# Continuing with high school... again!



## PsyKat (Sep 25, 2007)

After 11th grade ended I moved out on my own, the loneliness in that took a huge toll on me and I ended up not going back to school. So last year, I signed up for an online high school, planning on finishing it. It was awful, I had zero motivation to do any work, and I would go several days at a time without even logging in. It really surprised me how much easier it was to slack off when you're not going to a physical school every day!

Ever since I called it quits I've been feeling rather low. I see all of these younger kids talking about their college courses, and it scares me that I could really get to be old and still not even have a stinkin' diploma!

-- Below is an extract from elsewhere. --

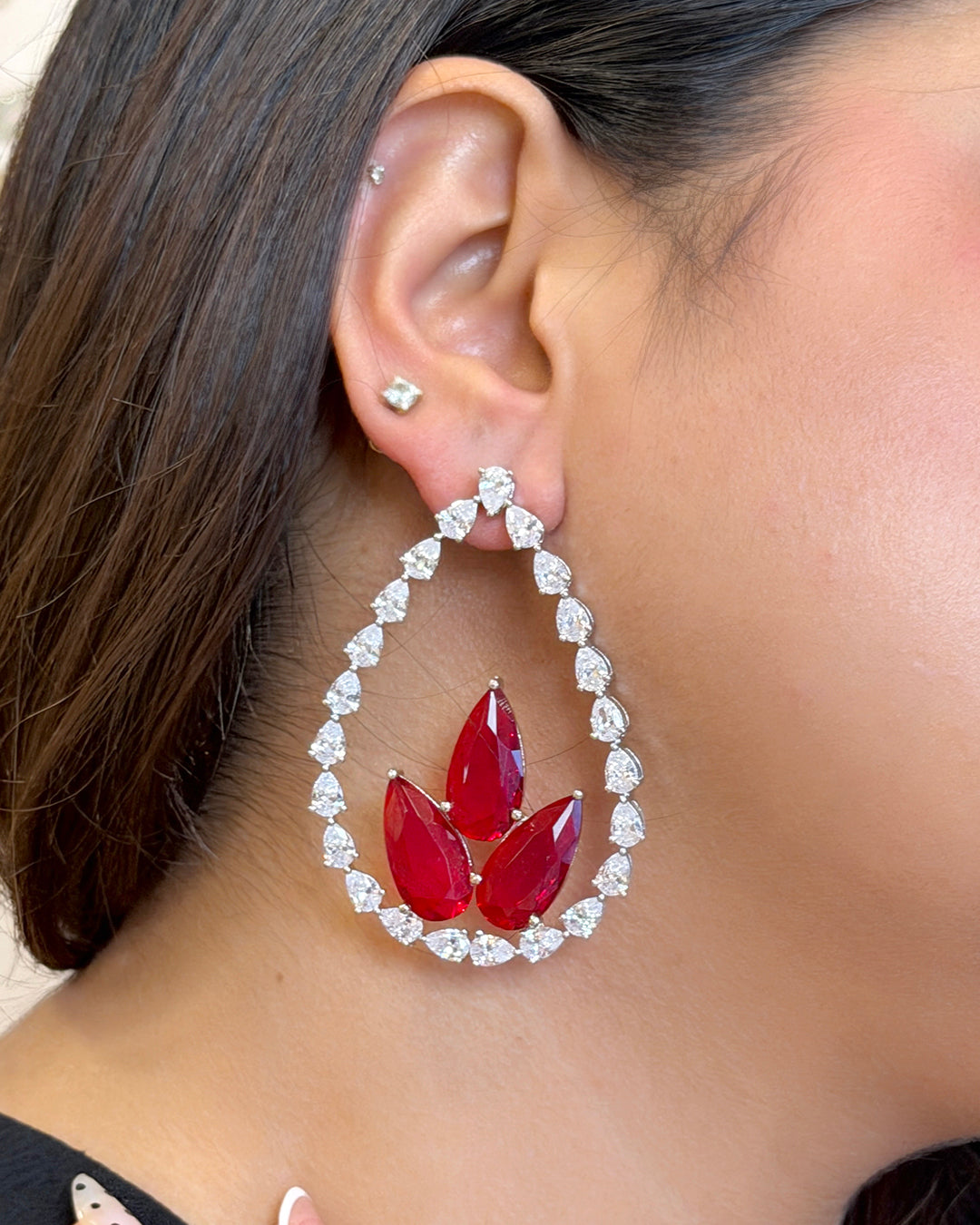 American Diamond Leaf Danglers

Anyway, just a minute ago, I signed up for another online high school. I'm going to mail in the official forms tomorrow. I'm going to demand that my boyfriend pester me about doing schoolwork every day so I don't slack off, and I'll also have this thread as a pusher  I really want to do this. Ahh, I'm so excited. Wish me luck! :boogie


----------



## strawberryjulius (Jun 28, 2009)

Good luck!


----------



## rcapo89 (Jun 3, 2009)

Good luck! I hope you succeed with all your goals in life.


----------



## slyfox (Nov 18, 2007)

Bumping to keep you pushed  hope it goes well. Good luck


----------



## Atari82 (Jan 19, 2010)

*Good Luck*

Good Luck, and never give up on your goals 
cause whatever the problem KNOW that there is something inside of you greater than any obstacle in life. :yes


----------



## haikupoet (Feb 9, 2010)

You may want to look into the National External Diploma Program https://www.casas.org/home/?fuseaction=nedp.welcome if you do not find the online high school satisfactory. This program is individualized and you get a real diploma. You may need to be 21 to participate.


----------